▶ **PROVIDED ENTRIES**:
┌────────

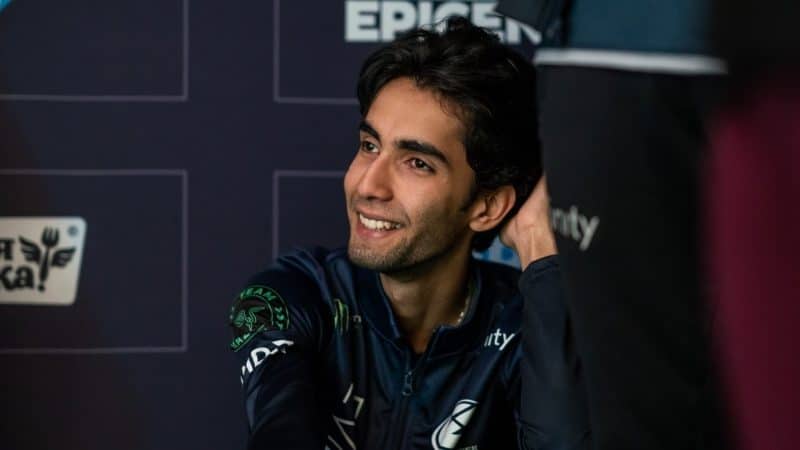 Sumail Dota 2 OG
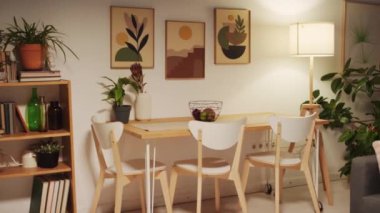 Masalı ve aile için retro iç mekânlı rahat oturma odasında sandalyeli orta boy bir lokanta.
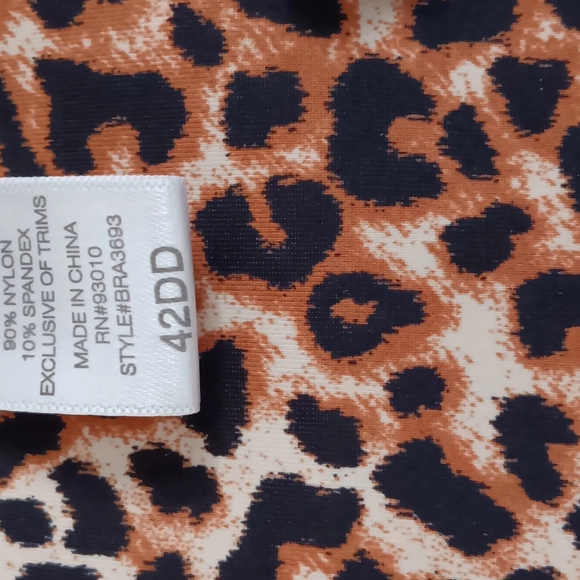 New/never wore Ashley Stewart leopard bra w/ deep plunge - Picture 3 of 4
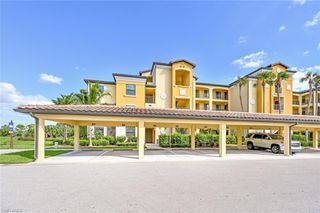 9834 Giaveno CIR 1711, Naples, FL 34113
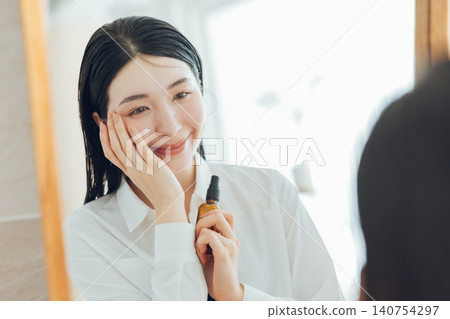 Beauty image reflected in a mirror Beauty image reflected in a mirror 140754297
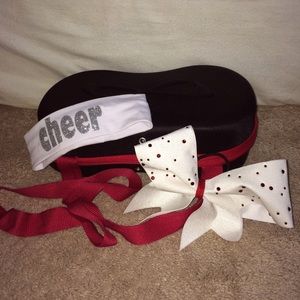 Nfinity case and bow and headband!!!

└────────

▶ **ASSIGNMENT**: Skip the pictures and copy exactly the lines from the one containing "New/never wore Ashley" through the end of the material, both ends included.

▶ **TASK SOLUTION**:
 New/never wore Ashley Stewart leopard bra w/ deep plunge - Picture 3 of 4
 9834 Giaveno CIR 1711, Naples, FL 34113
 Beauty image reflected in a mirror Beauty image reflected in a mirror 140754297
 Nfinity case and bow and headband!!!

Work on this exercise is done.